Okay, that's a broad-ranging question. Look, I think, there's obviously been a geopolitical risk in recent times. We've had other external factors. I touched on de-globalization earlier, but lots of elections, I mean, you had the tariff impact. You know, close to home, we obviously had the run-up to the budget, and there's clearly been destabilization, politically, within the U.K. as well. I do think that our occupiers, the, you know, the C-suite of the U.K. PLC, are getting used to the disruptive elements, and they're increasingly showing signs of adapting to that and being prepared to make investment decisions with the backdrop of that.

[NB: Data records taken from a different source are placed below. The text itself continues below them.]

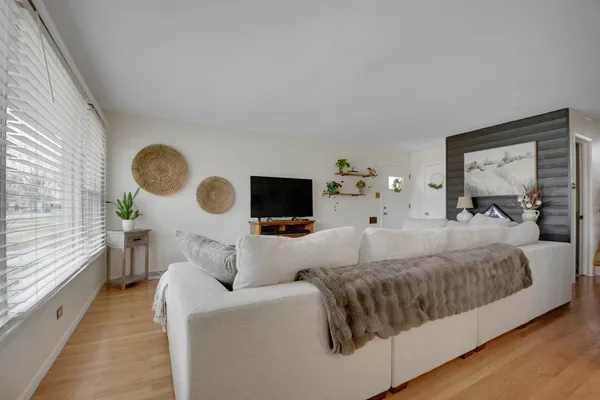 a living room with furniture and a large window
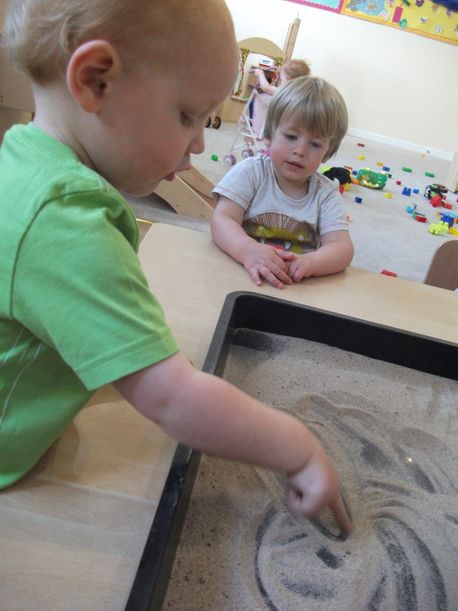 hook-a-gate nursery children playing with sand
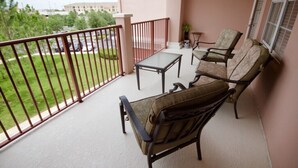 A balcony with a table and two chairs, a railing, and a view of a parking lot and greenery. - 7-301 3 Bedroom Condo by RedAwning (Orlando)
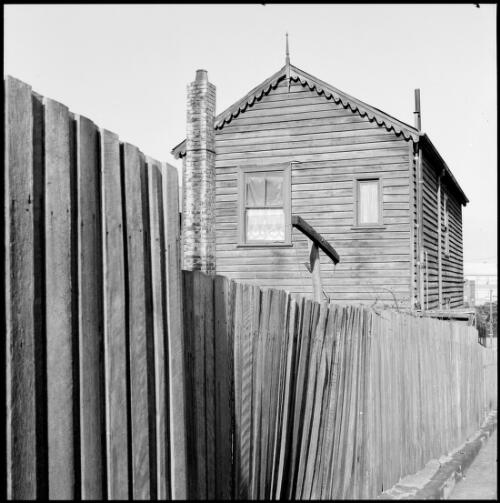 Rear view of two storey weatherboard house, Balmain, New South Wales, ca. 1970 [picture] / Wes Stacey
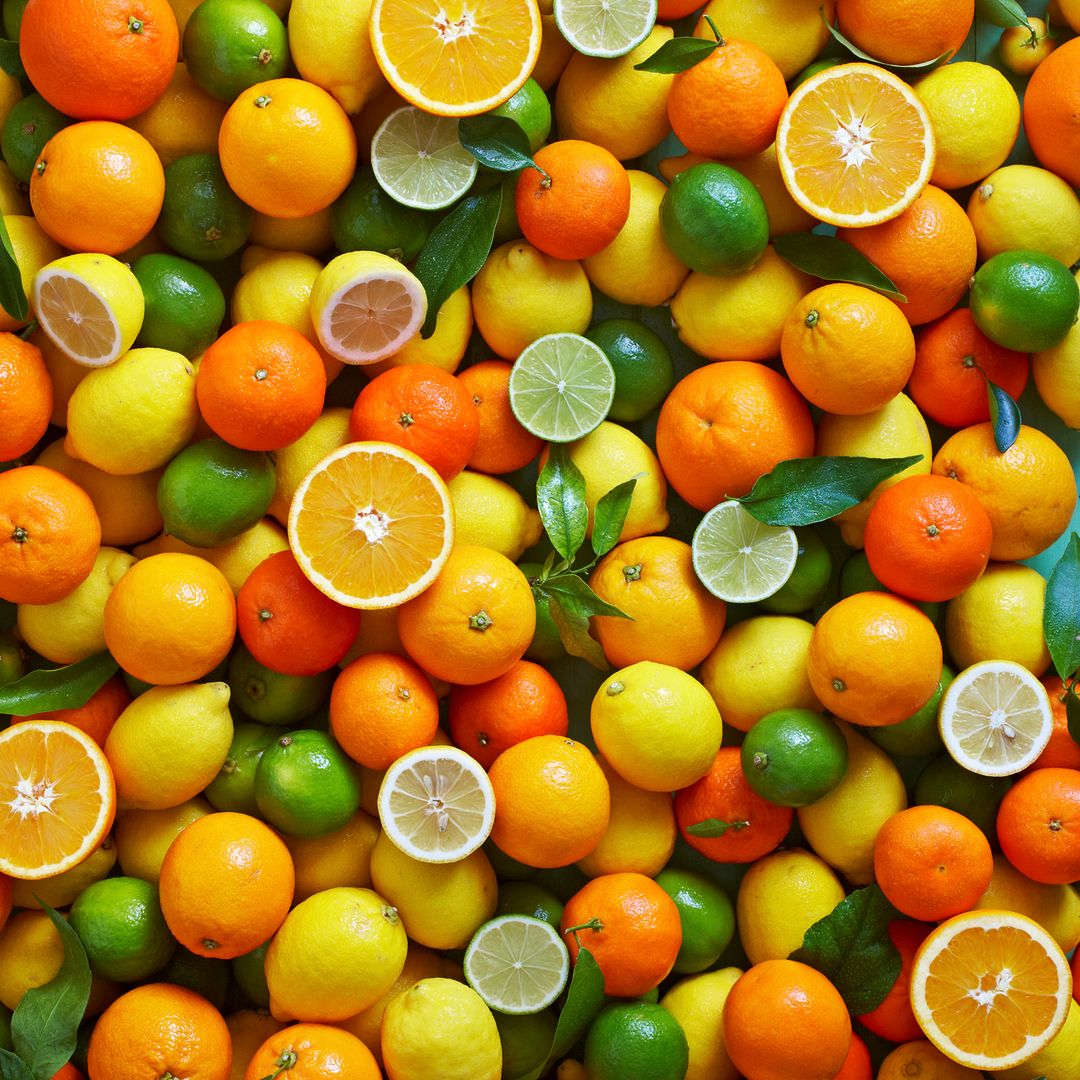 Conjunto de naranjas y otras frutas cítricas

I do think things are improving a little bit, certainly in terms of the impact on our market, obviously, having absorbed the National Insurance increases and those sorts of things. We are seeing more occupiers now that are planning to make fairly major decisions in terms of, taking on new space.
Great. The next question is: Do you plan any further acquisitions, and what does the pipeline look like?
Okay, well, I might sort of share this with Frankie. Look, I mean, we everything we take on its own merits. When we did the UKCM corporate acquisition, when we did the Blackstone portfolio transaction last year, which obviously is single digit accretive, so a great deal for our shareholders, I think it was a real win-win transaction. We obviously, in terms of the cost of our capital and the way we think about returns, think about this in the context of, you know, the income, the total return potential that it has and the risk/reward factors. Capital allocation is really important, we run the rule over everything and think about this the same way as we always have.
I mean, Frankie, do you just want to expand on that?
Yeah, maybe just straying into capital allocation for a moment then. You know, we've got three main strands in terms of growth drivers in terms of allocating capital. The first one, the rental reversion, I just touched on that. Effectively, that is a low level of capital that's required to realize that under rent, that reversion potential. Moving into logistics development, the parameters around target returns there are 6%-8% yield on cost. We're currently operating in the upper half of that range in terms of what we're developing at the moment. Complementary to that is our data center pipeline, and we're targeting a 9%-11% yield on cost across those two schemes currently.
You know, great opportunities to allocate capital into development. That is typically where we're seeing the best return from a risk-adjusted perspective. As Colin said, always open to opportunity. We look at the investment side more opportunistically, so we don't sort of set any hard and fast targets on that. Clearly, we've been active in the last few years with regards to the UKCM and the Blackstone transaction.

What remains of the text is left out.